[Collected data]
*** Block opens ***

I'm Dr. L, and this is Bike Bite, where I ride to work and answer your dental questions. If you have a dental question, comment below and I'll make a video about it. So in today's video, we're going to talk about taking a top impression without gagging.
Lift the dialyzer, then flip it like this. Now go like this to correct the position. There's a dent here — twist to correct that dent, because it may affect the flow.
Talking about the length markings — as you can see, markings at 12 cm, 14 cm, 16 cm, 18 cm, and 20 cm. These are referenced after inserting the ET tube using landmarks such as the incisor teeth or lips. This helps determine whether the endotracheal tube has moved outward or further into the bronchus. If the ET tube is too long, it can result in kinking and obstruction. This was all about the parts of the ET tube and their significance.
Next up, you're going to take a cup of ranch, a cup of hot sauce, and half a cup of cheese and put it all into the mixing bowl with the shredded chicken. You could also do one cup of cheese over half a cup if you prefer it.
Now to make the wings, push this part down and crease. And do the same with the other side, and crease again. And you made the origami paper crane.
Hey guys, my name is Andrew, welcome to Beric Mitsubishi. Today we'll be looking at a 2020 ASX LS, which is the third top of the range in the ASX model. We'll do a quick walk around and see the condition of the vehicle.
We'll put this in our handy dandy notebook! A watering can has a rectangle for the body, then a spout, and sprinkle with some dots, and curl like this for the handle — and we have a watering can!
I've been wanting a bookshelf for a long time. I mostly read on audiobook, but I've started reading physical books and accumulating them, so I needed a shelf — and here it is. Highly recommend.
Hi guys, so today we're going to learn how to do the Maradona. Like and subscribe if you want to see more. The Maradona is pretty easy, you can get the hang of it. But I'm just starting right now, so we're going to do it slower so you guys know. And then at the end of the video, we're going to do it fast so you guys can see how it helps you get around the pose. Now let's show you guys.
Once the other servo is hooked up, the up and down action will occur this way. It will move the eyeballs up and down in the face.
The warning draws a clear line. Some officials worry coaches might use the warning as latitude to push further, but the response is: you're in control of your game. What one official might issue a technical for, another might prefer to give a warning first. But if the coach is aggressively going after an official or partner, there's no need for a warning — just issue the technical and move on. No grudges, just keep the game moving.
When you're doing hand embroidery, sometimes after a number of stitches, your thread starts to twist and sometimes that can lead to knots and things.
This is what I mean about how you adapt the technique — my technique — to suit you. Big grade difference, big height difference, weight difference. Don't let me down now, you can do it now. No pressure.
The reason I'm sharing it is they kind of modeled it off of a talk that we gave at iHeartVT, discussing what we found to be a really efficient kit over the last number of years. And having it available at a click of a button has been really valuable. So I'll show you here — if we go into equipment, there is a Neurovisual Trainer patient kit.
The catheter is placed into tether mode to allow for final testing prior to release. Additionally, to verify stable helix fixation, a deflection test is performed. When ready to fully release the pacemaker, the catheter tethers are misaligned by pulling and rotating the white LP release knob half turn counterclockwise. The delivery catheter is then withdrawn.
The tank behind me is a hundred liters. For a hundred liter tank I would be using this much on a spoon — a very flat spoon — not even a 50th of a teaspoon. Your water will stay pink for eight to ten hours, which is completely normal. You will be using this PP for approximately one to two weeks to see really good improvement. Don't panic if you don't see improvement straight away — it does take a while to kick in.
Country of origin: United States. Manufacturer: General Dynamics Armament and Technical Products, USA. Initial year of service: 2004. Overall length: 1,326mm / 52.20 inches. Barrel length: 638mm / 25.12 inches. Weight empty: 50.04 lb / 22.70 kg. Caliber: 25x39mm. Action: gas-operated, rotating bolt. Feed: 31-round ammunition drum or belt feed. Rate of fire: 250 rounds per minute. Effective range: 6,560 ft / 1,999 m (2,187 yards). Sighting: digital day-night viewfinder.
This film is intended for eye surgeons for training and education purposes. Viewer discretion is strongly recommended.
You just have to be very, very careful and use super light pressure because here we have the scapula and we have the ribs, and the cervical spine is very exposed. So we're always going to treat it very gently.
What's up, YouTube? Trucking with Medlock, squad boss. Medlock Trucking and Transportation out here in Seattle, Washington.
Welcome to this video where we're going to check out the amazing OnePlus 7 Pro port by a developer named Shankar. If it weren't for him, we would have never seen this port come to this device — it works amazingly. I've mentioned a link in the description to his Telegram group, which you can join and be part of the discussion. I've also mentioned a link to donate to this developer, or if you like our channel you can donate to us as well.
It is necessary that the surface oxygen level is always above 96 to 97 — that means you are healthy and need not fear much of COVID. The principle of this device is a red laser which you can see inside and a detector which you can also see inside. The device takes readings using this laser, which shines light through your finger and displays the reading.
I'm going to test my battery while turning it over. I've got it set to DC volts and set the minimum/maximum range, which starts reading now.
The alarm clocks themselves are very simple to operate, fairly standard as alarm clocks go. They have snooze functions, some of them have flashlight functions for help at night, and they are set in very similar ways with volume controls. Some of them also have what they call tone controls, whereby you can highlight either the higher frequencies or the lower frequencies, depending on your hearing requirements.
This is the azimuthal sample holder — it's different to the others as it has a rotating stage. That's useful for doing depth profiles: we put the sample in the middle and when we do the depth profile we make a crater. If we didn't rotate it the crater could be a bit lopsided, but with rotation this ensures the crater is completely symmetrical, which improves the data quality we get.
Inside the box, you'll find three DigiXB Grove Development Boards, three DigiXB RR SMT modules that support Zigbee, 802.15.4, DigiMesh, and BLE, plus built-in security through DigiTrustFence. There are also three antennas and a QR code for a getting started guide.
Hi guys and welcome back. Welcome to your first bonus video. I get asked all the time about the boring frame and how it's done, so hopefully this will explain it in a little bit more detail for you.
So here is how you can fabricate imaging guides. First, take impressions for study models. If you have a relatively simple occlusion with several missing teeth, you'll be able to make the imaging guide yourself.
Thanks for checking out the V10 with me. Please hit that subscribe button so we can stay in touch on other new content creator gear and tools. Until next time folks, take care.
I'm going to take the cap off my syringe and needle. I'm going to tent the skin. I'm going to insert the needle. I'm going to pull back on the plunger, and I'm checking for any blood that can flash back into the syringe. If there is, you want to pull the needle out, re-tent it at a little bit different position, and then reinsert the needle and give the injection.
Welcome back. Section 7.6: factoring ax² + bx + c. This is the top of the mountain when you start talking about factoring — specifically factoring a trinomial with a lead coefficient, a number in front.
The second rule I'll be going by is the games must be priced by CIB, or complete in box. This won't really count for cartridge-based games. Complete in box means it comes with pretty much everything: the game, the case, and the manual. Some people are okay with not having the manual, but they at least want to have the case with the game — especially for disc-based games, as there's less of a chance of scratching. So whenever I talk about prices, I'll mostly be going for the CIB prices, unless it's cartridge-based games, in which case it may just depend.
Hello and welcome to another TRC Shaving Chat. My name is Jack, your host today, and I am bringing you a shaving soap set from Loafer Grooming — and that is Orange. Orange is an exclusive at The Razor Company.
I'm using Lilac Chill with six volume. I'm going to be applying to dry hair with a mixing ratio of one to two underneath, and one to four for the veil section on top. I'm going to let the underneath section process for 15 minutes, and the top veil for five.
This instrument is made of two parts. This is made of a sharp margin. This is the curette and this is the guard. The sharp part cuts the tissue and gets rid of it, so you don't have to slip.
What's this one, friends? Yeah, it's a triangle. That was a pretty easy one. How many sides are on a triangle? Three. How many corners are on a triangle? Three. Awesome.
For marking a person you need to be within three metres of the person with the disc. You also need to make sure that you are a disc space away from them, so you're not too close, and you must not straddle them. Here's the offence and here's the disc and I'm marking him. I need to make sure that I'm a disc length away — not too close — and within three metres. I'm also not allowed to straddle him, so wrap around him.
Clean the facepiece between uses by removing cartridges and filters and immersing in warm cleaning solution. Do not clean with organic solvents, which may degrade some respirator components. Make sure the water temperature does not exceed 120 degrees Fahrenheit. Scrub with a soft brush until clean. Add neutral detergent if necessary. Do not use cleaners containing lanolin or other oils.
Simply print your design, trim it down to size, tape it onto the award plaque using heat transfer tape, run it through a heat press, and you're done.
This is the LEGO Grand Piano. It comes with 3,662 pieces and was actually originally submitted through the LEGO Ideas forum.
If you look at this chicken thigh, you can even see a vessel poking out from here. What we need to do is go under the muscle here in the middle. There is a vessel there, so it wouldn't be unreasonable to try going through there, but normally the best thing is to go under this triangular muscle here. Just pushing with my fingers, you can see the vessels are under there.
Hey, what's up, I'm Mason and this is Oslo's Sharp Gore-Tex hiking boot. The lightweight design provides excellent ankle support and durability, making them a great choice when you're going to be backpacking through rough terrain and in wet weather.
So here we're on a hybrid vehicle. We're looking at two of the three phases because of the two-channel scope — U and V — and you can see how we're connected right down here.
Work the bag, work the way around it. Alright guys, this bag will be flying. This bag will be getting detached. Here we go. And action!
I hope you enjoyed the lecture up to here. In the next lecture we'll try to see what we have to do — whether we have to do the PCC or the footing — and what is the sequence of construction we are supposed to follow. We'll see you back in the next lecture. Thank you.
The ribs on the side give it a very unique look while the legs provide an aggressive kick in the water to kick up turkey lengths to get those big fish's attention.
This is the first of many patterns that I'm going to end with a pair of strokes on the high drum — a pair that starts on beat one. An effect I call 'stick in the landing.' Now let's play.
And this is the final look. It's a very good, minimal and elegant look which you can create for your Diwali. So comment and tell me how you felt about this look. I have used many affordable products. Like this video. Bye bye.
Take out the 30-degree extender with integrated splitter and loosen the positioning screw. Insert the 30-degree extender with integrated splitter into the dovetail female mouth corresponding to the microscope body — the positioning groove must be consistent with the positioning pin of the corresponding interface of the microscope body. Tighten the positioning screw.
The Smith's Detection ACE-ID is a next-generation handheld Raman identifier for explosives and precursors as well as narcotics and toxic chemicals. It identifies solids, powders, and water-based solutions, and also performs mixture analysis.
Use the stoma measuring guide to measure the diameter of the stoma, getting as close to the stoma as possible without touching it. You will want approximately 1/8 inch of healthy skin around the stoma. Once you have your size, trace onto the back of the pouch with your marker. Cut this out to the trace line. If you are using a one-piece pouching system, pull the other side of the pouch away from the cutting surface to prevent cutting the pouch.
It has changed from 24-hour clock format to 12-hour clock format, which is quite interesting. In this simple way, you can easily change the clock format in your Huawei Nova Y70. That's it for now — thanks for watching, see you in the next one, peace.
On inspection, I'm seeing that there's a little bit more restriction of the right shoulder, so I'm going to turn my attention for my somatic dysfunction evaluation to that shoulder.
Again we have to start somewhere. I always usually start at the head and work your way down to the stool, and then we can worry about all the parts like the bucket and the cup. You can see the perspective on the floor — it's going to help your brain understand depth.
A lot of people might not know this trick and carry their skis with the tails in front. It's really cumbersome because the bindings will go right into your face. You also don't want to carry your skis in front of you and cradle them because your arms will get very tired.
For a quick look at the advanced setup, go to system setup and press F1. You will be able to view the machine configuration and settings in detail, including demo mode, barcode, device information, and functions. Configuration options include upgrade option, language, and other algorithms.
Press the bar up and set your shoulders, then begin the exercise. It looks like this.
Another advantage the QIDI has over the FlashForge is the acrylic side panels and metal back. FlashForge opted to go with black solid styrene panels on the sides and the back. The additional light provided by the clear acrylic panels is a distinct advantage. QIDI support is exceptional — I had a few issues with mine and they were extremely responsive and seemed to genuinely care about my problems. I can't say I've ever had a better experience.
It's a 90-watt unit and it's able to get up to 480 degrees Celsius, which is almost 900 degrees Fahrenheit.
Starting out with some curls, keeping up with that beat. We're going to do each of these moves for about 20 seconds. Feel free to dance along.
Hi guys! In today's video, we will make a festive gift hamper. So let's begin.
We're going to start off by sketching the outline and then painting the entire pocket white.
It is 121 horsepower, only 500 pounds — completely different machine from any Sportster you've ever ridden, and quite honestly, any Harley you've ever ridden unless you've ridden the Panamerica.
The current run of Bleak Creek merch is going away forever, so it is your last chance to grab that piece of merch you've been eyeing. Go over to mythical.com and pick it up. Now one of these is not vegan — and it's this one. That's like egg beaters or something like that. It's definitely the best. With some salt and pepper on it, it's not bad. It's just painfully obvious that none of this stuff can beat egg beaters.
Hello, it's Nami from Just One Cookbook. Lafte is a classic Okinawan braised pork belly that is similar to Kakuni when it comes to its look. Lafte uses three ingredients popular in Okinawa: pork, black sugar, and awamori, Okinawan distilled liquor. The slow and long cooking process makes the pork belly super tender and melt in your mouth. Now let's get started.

*** Block closes ***

Exact reproduction is required: output the lines from the start of the entries above through the line with "Hey guys, my".

I'm Dr. L, and this is Bike Bite, where I ride to work and answer your dental questions. If you have a dental question, comment below and I'll make a video about it. So in today's video, we're going to talk about taking a top impression without gagging.
Lift the dialyzer, then flip it like this. Now go like this to correct the position. There's a dent here — twist to correct that dent, because it may affect the flow.
Talking about the length markings — as you can see, markings at 12 cm, 14 cm, 16 cm, 18 cm, and 20 cm. These are referenced after inserting the ET tube using landmarks such as the incisor teeth or lips. This helps determine whether the endotracheal tube has moved outward or further into the bronchus. If the ET tube is too long, it can result in kinking and obstruction. This was all about the parts of the ET tube and their significance.
Next up, you're going to take a cup of ranch, a cup of hot sauce, and half a cup of cheese and put it all into the mixing bowl with the shredded chicken. You could also do one cup of cheese over half a cup if you prefer it.
Now to make the wings, push this part down and crease. And do the same with the other side, and crease again. And you made the origami paper crane.
Hey guys, my name is Andrew, welcome to Beric Mitsubishi. Today we'll be looking at a 2020 ASX LS, which is the third top of the range in the ASX model. We'll do a quick walk around and see the condition of the vehicle.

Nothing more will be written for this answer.